Just the soft hum of breath and the way sunlight curled through the linen curtains.
“I’m ready for forever,” Alina had whispered, her fingers resting on Elias’s bare chest like a vow.
For a long time, he didn’t speak. Not because he doubted her. But because something in him had never dared to believe he’d get this far.
They were both still learning how to live without the war.

Later that morning, they sat at the table Elias had carved from reclaimed stone—her with tea, him with strong black coffee. A newspaper lay untouched. The world was still turning. But for once, it could do so without their attention.
“I’ve been thinking,” he said, voice low.
Alina raised a brow. “Dangerous words from you.”
He smiled faintly. “We never had a real wedding.”
She blinked.
“No press. No spectacle,” he added quickly. “Just us.

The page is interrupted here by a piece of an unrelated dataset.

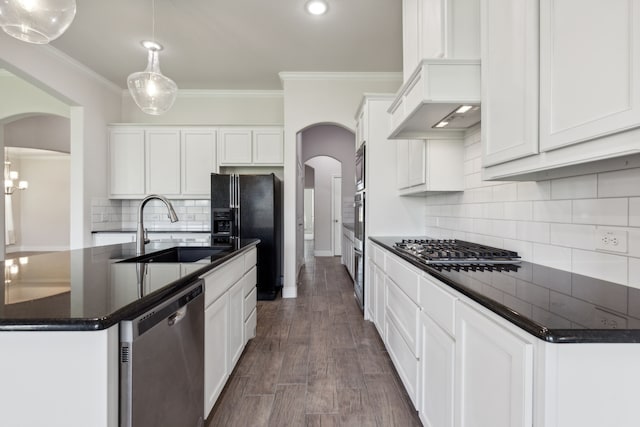 kitchen featuring decorative light fixtures, a kitchen island with sink, white cabinetry, appliances with stainless steel finishes, and dark hardwood / wood-style flooring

Somewhere that never had our names carved into it.”
Alina set her tea down.
“You want to start clean?”
He nodded. “If we’re going to build a life… I want to build it from our beginning, not our wreckage.”
Alina leaned forward, the edge of a smile curling into something deep, something reverent.
“Then let’s disappear,” she said.

They chose the mountains. Quiet, windswept, distant. No towers, no paparazzi, no ghosts.
Just a chapel older than memory, tucked between silver trees and stone.
The officiant was a woman who didn’t ask for last names.
The rings were simple. Hers was gold. His was black.
And their vows were not traditional—they were brutal, honest, imperfect.
“I vow to tell you the truth, even when it’s easier to lie.”
“I vow to let you in, even when it hurts.”
“I vow to never forget how we bled to get here.”
“I vow to love you, even in silence.”
There were no flowers.
Just two people, raw and whole, standing inside a promise they never thought they’d get to make.

Afterward, they didn’t celebrate with champagne or toasts.
They celebrated with quiet.
With breath.
With the feeling of skin against skin in a room where no one knew their names.

In the days that followed, Alina started to write.
Not speeches. Not business plans.
But stories—fiction. Ones where girls were never just good, and boys were never just cold. Where love didn’t save them, but gave them space to save themselves.
Elias read every word.
And for the first time, his empire wasn’t a company.
It was her.

And when they returned to the city weeks later—no press releases, no statements—they were different.
Not because anything had changed on paper.
But because something inside them had finally settled.
Peace was not absence.
It was presence.
And every day they chose each other, again and again, was a revolution the world could never touch.